● **Task to carry out**
Everything in the data below is left aside except the lines from the one containing "Вино ігристе Vitalia" through the one containing "Motorcycle Modified Parts"; repeat those exactly.
**** Information supplied ****
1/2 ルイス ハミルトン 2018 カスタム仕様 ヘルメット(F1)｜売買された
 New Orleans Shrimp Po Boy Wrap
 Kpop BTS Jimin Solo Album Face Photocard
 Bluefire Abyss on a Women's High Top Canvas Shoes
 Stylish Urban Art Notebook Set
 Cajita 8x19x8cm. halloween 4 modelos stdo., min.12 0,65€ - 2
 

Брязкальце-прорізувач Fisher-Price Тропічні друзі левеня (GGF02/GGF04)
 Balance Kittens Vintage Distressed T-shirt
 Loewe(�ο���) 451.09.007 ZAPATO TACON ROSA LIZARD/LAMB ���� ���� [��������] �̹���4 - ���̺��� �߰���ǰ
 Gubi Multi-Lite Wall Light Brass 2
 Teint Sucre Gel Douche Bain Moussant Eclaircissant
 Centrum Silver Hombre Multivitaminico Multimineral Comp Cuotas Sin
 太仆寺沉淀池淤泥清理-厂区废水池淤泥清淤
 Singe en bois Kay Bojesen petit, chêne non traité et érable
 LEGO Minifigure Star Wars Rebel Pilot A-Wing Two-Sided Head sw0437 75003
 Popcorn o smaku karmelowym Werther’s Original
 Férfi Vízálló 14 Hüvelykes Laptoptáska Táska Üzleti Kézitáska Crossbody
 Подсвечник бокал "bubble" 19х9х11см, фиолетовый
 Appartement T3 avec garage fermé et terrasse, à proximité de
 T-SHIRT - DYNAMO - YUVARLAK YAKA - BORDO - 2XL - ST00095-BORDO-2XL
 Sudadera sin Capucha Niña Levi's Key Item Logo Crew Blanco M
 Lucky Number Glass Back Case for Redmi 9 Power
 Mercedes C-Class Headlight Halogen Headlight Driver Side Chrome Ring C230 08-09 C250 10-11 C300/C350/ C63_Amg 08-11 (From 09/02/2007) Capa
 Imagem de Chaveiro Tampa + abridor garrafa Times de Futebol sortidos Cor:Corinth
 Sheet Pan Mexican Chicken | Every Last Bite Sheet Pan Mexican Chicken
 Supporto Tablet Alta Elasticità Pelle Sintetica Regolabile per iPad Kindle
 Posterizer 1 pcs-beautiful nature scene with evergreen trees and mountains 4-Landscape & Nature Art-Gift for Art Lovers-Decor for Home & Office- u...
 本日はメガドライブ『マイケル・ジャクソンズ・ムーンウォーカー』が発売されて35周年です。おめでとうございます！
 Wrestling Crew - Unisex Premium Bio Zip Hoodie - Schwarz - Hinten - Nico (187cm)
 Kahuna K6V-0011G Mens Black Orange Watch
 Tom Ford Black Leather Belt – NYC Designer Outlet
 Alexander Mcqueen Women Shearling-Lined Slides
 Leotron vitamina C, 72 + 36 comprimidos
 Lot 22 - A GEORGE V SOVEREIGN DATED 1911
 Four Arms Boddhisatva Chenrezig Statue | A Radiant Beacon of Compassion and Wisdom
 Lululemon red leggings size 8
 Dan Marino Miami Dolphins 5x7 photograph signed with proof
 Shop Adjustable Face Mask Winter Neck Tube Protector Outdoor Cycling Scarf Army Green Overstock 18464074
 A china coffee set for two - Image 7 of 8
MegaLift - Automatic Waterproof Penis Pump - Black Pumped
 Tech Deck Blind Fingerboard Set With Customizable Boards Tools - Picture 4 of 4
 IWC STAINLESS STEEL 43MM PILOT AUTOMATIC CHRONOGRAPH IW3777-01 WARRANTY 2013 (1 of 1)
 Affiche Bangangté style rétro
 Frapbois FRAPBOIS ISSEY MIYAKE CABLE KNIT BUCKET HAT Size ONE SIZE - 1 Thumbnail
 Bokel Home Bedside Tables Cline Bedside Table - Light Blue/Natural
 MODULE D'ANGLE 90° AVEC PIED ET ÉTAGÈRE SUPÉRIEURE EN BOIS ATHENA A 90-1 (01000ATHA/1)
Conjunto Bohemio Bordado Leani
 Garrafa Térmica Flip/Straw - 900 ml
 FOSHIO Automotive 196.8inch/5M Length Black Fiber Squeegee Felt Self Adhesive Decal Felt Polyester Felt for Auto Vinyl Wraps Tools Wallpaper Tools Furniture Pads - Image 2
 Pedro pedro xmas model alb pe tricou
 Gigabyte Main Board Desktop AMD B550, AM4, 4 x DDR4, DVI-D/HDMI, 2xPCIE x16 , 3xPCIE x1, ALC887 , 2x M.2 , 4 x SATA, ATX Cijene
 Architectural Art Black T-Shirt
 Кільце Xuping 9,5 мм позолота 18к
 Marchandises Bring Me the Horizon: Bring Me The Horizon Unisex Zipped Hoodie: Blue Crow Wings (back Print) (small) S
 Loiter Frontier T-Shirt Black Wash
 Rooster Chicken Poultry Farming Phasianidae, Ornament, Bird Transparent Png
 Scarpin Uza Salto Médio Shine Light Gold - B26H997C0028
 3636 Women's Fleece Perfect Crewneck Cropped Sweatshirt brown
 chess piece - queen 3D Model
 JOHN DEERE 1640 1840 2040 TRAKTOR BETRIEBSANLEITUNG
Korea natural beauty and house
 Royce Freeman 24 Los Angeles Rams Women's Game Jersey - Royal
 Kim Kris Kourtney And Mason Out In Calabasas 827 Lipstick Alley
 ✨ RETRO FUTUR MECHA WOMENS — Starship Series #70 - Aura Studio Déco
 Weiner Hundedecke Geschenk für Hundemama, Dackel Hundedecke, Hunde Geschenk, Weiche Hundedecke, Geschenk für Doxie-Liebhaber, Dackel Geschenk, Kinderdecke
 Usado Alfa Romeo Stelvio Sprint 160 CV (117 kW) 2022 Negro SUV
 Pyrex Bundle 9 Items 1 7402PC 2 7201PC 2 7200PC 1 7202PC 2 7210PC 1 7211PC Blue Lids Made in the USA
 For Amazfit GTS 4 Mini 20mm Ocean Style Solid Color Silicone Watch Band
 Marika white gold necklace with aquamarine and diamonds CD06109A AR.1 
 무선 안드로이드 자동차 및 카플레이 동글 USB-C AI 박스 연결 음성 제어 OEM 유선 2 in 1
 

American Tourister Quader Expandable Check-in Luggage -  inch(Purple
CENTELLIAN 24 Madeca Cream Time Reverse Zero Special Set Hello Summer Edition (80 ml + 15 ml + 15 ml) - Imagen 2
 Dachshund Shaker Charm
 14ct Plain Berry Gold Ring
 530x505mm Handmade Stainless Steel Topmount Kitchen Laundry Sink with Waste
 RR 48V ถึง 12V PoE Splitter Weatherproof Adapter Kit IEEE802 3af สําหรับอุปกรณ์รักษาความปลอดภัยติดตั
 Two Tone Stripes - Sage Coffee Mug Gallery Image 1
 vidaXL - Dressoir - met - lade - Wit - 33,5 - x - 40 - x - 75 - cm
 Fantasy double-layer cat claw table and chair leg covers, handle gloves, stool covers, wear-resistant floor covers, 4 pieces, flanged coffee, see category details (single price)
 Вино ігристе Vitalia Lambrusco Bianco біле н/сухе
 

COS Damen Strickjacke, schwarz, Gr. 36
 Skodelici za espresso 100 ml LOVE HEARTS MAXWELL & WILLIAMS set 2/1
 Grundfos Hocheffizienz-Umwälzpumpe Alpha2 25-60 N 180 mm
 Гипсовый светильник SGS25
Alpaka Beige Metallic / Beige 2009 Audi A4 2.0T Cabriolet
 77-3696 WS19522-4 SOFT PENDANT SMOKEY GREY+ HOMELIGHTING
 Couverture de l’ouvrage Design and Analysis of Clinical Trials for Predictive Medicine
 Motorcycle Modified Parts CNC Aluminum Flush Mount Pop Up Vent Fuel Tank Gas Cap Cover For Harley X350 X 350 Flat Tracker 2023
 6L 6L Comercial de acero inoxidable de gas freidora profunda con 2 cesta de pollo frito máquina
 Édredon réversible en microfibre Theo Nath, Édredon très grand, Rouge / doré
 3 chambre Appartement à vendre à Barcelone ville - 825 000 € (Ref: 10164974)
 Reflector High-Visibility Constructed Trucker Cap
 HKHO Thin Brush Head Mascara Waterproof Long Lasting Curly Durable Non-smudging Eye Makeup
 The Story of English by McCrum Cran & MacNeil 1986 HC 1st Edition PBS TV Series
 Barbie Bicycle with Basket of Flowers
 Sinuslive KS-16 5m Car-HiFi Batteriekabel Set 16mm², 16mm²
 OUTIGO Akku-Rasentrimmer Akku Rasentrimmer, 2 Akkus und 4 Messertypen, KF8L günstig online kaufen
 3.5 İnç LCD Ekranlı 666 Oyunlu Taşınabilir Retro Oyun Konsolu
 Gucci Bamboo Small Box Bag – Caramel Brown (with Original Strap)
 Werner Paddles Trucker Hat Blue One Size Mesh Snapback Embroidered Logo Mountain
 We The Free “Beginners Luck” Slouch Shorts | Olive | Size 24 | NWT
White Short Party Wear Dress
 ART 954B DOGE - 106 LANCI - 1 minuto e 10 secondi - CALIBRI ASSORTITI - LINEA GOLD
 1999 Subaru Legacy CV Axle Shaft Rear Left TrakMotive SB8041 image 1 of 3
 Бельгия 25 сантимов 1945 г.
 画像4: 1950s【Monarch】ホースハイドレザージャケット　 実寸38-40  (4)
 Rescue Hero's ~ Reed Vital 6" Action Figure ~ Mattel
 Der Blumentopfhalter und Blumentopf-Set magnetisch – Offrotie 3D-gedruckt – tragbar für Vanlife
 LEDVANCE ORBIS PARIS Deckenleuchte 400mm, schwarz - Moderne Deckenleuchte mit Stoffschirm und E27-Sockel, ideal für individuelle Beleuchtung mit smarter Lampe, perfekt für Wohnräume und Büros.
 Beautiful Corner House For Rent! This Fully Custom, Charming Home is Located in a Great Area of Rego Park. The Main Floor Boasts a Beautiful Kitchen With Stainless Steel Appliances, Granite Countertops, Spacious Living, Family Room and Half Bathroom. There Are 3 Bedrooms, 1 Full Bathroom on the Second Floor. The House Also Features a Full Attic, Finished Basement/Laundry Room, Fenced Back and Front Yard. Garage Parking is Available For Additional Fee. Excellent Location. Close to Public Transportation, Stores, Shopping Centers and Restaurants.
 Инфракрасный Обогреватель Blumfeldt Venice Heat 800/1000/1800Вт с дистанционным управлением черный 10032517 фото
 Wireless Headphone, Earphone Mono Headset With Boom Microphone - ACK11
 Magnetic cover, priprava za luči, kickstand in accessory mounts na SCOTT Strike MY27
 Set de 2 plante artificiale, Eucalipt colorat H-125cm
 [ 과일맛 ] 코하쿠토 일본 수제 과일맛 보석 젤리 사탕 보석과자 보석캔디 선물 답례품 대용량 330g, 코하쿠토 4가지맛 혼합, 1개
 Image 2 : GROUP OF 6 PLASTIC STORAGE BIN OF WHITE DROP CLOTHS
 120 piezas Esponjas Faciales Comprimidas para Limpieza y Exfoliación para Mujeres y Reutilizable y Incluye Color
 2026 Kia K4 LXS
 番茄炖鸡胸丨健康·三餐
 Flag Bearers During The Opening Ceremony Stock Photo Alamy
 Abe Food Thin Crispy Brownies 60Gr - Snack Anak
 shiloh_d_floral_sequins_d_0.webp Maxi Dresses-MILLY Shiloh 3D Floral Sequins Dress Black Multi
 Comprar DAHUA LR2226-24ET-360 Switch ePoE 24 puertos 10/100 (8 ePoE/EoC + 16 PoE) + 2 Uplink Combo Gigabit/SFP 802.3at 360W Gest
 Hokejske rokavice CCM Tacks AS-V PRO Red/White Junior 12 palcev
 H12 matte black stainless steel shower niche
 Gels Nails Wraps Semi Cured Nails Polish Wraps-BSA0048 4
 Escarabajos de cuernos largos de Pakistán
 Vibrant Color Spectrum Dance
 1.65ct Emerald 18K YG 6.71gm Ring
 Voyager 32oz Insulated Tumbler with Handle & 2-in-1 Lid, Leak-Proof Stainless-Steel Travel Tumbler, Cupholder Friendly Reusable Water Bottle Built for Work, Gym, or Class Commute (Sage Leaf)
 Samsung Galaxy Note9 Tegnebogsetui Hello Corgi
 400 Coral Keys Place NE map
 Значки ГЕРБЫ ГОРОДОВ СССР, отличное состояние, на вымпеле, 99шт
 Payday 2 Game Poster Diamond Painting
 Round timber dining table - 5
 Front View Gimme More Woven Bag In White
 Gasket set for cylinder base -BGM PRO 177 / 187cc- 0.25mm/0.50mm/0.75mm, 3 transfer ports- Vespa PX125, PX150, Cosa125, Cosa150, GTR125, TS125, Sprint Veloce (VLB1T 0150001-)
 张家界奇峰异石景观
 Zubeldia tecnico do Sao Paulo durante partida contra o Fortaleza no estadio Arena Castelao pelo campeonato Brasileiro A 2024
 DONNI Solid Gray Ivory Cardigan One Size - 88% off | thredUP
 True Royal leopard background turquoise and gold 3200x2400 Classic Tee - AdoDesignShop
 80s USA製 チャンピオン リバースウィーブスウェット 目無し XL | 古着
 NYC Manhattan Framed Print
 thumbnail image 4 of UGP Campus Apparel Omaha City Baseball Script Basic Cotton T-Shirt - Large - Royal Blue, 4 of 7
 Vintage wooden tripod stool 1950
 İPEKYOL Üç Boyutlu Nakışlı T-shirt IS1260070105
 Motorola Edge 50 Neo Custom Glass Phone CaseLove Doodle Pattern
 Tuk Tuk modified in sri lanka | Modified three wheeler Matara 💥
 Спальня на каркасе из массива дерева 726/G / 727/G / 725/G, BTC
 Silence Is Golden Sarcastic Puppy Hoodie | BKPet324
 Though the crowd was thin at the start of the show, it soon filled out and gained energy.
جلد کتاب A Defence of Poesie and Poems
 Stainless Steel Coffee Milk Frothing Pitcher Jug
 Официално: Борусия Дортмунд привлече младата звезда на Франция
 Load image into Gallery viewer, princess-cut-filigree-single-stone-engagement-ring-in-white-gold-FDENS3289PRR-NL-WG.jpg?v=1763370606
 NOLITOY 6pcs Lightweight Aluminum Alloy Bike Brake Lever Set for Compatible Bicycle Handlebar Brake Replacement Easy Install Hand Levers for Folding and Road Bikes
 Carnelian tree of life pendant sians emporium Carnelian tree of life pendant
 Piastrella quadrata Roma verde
****
● **Completed task**
 Вино ігристе Vitalia Lambrusco Bianco біле н/сухе
 

COS Damen Strickjacke, schwarz, Gr. 36
 Skodelici za espresso 100 ml LOVE HEARTS MAXWELL & WILLIAMS set 2/1
 Grundfos Hocheffizienz-Umwälzpumpe Alpha2 25-60 N 180 mm
 Гипсовый светильник SGS25
Alpaka Beige Metallic / Beige 2009 Audi A4 2.0T Cabriolet
 77-3696 WS19522-4 SOFT PENDANT SMOKEY GREY+ HOMELIGHTING
 Couverture de l’ouvrage Design and Analysis of Clinical Trials for Predictive Medicine
 Motorcycle Modified Parts CNC Aluminum Flush Mount Pop Up Vent Fuel Tank Gas Cap Cover For Harley X350 X 350 Flat Tracker 2023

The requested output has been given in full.